By Bonnie Dwyer
(May 17, 2004)
Once it was the preachers kid who was pitied and notorious because of his fathers attention to the church flock rather than his own child. Within the Adventist world, the preachers kid is no longer alone as entire congregations abandon their own children in order to pursue other ministries, to enable evangelism in the local church.
At the recent Northern California Conference constituency meeting this attitude was crisply articulated by the finance committee chairperson from one of the largest churches in the conference. He stood at the microphone and lamented that one-third of the church budget went to the local K-12 school, thus rendering his congregation unable to pursue ministry.
No one pointed out that sixty-three young people from his church attend the school, or that education is a ministry. If he was looking for sympathy from the other delegates and hoped to encourage them to vote in support of the motion that required churches to join school constituencies, he did not succeed. The motion failed.
Education once was considered one of the most important ministries within Adventism, as is evident in the following description of the philosophy of SDA education in the SDA Encyclopedia:
SDAs hold that it is a right of all children of SDA parents to receive a Christian education, and that, although a major share of the responsibility for providing it rests upon the parents, the local church too bears a responsibility to see that all children of the church are provided as much education in SDA schools as the young person desires or as can benefit him. (417)
Written in the 1960s, the SDA Encyclopedia described an SDA culture much different from today. It was during the 1950s and early 1960s that the church developed landmark programs for children. The first Pathfinder Club was created in 1950. By 1957, Pathfinder Sabbath was placed on the North American church calendar as the fourth Sabbath in September, and every church had a club. The last volume of Arthur Maxwells The Bible Story was published in 1958.
Pathfinders and Adventist books for children are alive today. But are they given the same priority that they were in the past? Year after year, we celebrate evangelism, have a year of evangelism, and sponsor programs galore to inspire and promote evangelism. When will our children get the same kind of attention as nonbelievers do? Are the souls of our children any less worthy of being saved?
Maria Shriver, the first lady of California, was recently asked about her accomplishments during the first 100 days as the governors wife. "I kept my kids sane and normal," was her reply. "No matter what I did, whether I stayed working or was a full-time first lady, that had to be my priority," she explained. "It is one of her beliefs that if you dont get the mom thing right, not much else matters," Sacramento magazine reported.

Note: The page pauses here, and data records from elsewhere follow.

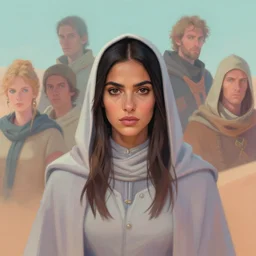 centered head - on medium shot painted portrait maya ali as sorcerer, gloomhaven mixed with dune, pastel colours, octane render, unreal engine, matte painting concept art, fanart artstation by maxfield parrish and jesper ejsing and rhads and lois van baarle and ilya kuvshinov and rossdraws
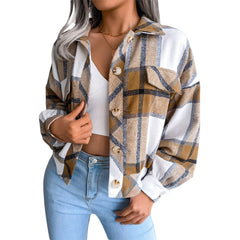 Lizakosht Women Plaid Wool Jacket, Adults Button-down Color Block Lantern Sleeve Lapel Cardigan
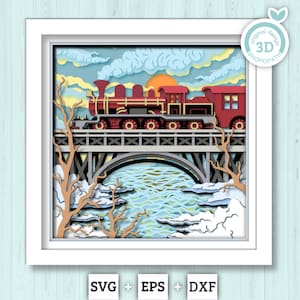 Winter Train on Bridge - 3D Shadow Box Layered SVG DXF EPS (Cutting Files)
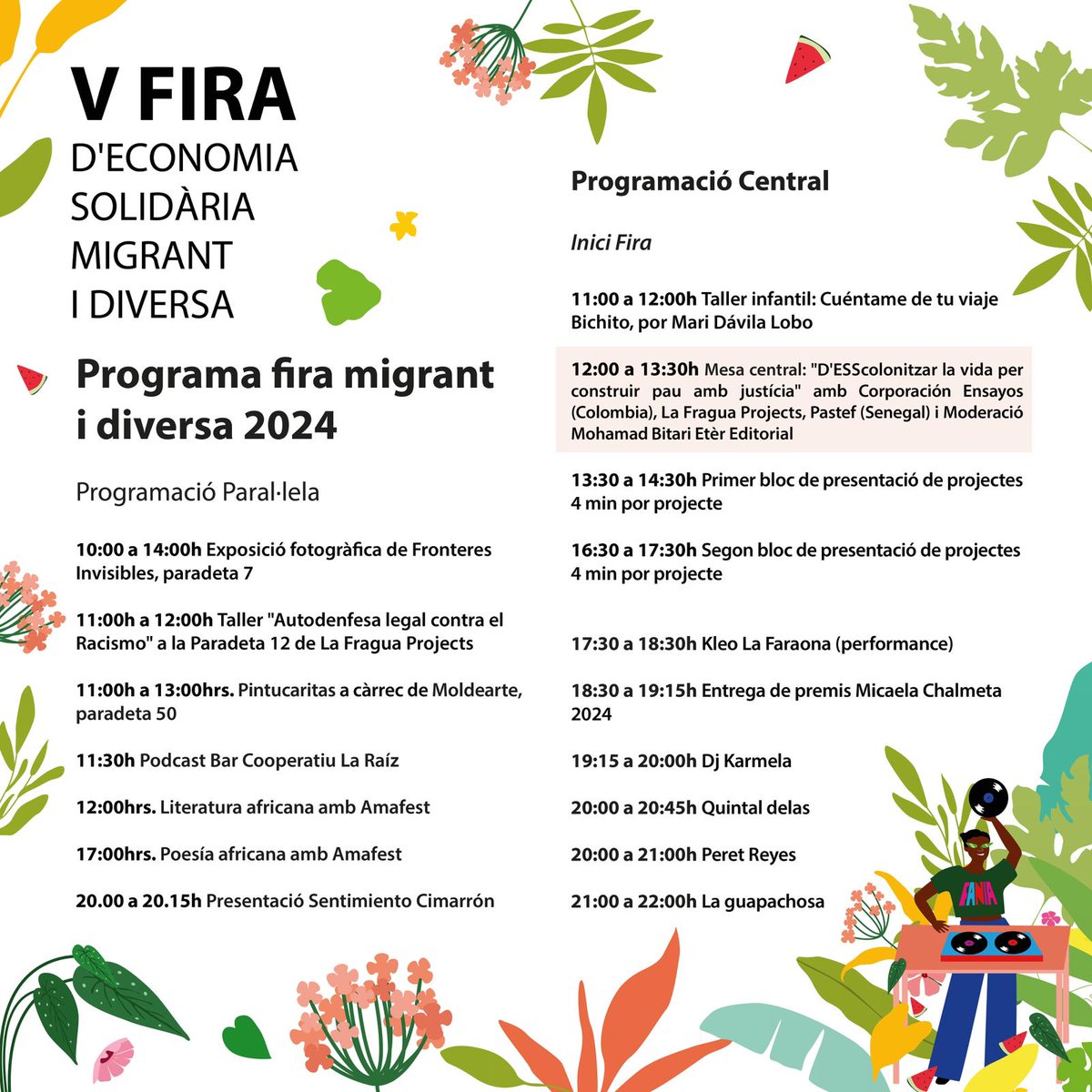 Aquest dissabte, 5 d'octubre, participarem en la V Fira d'Economia Solidària, Migrant i Diversa 🙌 Aquest any, el lema és "Descolonitzar la vida per construir pau amb justícia" 🌿Ens veiem a Plaça Catalunya (Barcelona). No t'ho perdis! 💚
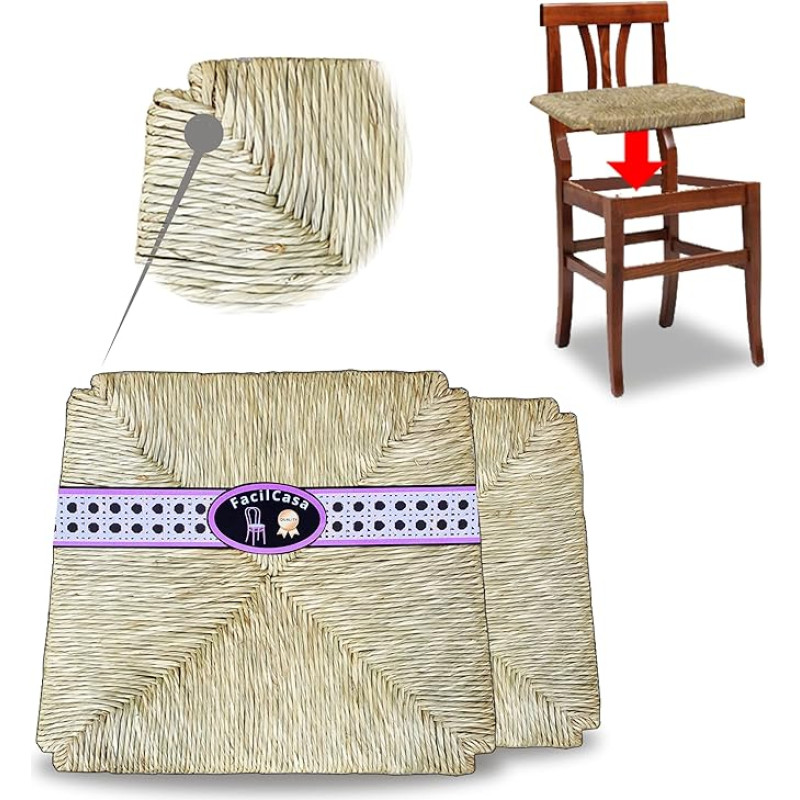 FacilCasa Sėdynės iš tikrų šiaudų 2 keičiamos sėdynės, pritvirtintos prie pagrindo Pour Chaise, siège Robust Paille véritable Marais | Fond Manuel Instructions de Montage | 37,5 x 33 x H 3 cm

One of the things that Shriver and her famous husband Arnold Schwarzenegger did for their children was to install a hotline into the governors office just for their kids. "A lot of government leaders have a hotline to the National Guard; Arnold has a hotline just for the kids. Our 10-year-old son uses it numerous times," Shriver told Sacramento. "Arnold said, Shouldnt there be some limits on the hotline? I said, No. There cant be any limits on the hotline. You want your kids to feel that even though Dad has changed jobs, theyre still the focus of your world."
Would that Adventist congregations had that attitude about their children.